Glass shortage putting brakes on US building projects

America’s current commercial building boom is being affected by a shortage of architectural glass.

In many cases, this is adding millions of dollars to the cost of new skyscrapers and putting the brakes on some projects during construction. Apartment buildings and new office towers are rising in major markets like Manhattan at the fastest rate seen since the early 1990s.

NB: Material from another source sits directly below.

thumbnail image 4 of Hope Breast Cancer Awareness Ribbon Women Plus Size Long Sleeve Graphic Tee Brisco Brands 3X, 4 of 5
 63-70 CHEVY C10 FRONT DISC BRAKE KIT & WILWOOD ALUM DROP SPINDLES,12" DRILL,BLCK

Property developers say the current shortage could last well into next year, if not longer, as restarting disused glass factories is a costly and time-consuming process. Producers shut 11 out of 47 float-glass manufacturing plants in North America between 2007 and 2014, according to PPG Industries Inc., as demand for glass of all kinds, from building facades to automotive glass plummeted during the downturn. Building a new plant can cost hundreds of millions of dollars, PPG says, and restarting an idled line can take months because workers have to jackhammer thousands of kilos of hardened glass to remove it from melting tanks.

Builders are reporting that curtain-wall prices, which have risen more than 30% in the past 18 months, are setting records. Glass accounts for roughly one-quarter of a construction project’s budget, so the extra expense can add tens of millions of dollars to a building’s cost. Delays are also a problem: Several towers in San Francisco’s trendy Rincon Hill neighborhood, home to some of the city’s most expensive apartments, are standing bare while their builders wait for glass.

“Nowadays, the glass guys are dictating the timetables of a project to us, instead of the other way around,” said Ralph Esposito, who oversees commercial construction by the New York office of Lend Lease Corp. one of the country’s largest building contractors, with nearly 30 high-rise towers under way.